Presentes estas situações, o contrato poderá ser revisto ou resolvido pela autoridade judiciária. A revisão consiste em alterações no contrato de modo a preservá-lo, de modo a garantir o equilíbrio das prestações dos contratantes, conforme se verifica, respectivamente, nos arts. 479 e 480 do Código Civil: “A resolução poderá ser evitada, oferecendo-se o réu a modificar equitativamente as condições do contrato” e “Se no contrato as obrigações couberem a apenas uma das partes, poderá ela pleitear que a sua prestação seja reduzida, ou alterado o

modo de executá-la, a fim de evitar onerosidade excessiva”. Já a resolução consiste

na extinção do contrato sem que haja nenhum ônus para a parte em desvantagem, conforme preceitua o art. 478 do Código Civil: “Nos contratos de execução continuada ou deferida, se a prestação de uma das partes se tornar excessivamente onerosa, com extrema vantagem para a outra, em virtude de acontecimento extraordinários e imprevisíveis, poderá o devedor pedir a resolução do contrato. Os efeitos da sentença que a decretar retroagirão à data da citação”.

Portanto, devido à cláusula geral da função social dos contratos, os juízes podem intervir nos contratos, visando reestabelecer o equilíbrio econômico- financeiro no que diz respeito à execução das obrigações das partes. Mas até que ponto o magistrado pode interferir na autonomia da vontade das partes? Poderá rever um contrato mesmo que a parte tenha pedido a resolução? Poderá, ainda, resolver um contrato ex officio?

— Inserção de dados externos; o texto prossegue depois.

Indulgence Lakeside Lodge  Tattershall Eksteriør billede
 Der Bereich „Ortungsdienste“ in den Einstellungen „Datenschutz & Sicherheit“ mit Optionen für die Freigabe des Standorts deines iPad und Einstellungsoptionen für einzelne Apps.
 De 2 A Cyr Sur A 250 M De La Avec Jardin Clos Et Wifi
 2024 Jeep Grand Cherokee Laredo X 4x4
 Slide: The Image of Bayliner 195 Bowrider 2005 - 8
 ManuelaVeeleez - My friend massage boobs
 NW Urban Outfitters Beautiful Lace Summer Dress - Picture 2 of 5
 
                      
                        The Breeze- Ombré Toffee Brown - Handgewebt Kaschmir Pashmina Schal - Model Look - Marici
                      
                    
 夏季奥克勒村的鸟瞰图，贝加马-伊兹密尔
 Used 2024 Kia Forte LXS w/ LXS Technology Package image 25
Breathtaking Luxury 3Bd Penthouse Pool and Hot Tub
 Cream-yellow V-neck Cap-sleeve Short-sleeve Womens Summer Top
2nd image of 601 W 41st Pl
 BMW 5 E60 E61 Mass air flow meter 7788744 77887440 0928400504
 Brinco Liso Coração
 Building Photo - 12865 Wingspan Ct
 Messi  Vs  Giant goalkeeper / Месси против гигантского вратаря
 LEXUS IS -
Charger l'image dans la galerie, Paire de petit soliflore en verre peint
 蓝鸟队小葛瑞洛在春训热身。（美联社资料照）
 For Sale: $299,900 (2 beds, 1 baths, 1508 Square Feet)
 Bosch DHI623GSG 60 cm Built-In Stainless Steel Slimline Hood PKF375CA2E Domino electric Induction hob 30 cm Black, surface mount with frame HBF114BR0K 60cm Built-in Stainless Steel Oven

No Brasil, foi adotada a doutrina anti-revisionista, ou seja, nos casos em que ocorrem onerosidade excessiva para um dos contratantes, o juiz deverá resolver o contrato, produzindo efeitos retroativos com a finalidade de extinguir o que foi executado e obrigar a restituições recíprocas. Portanto, o juiz somente fará uma

revisão do contrato nos casos em que as partes concordarem com isso, pois o magistrado está adstrito ao pedido. Porém, se o pedido for de revisão, poderá o juiz, excepcionalmente, resolver o contrato, se considerar a revisão contratual um meio inviável para reequilibrar a situação dos contratantes.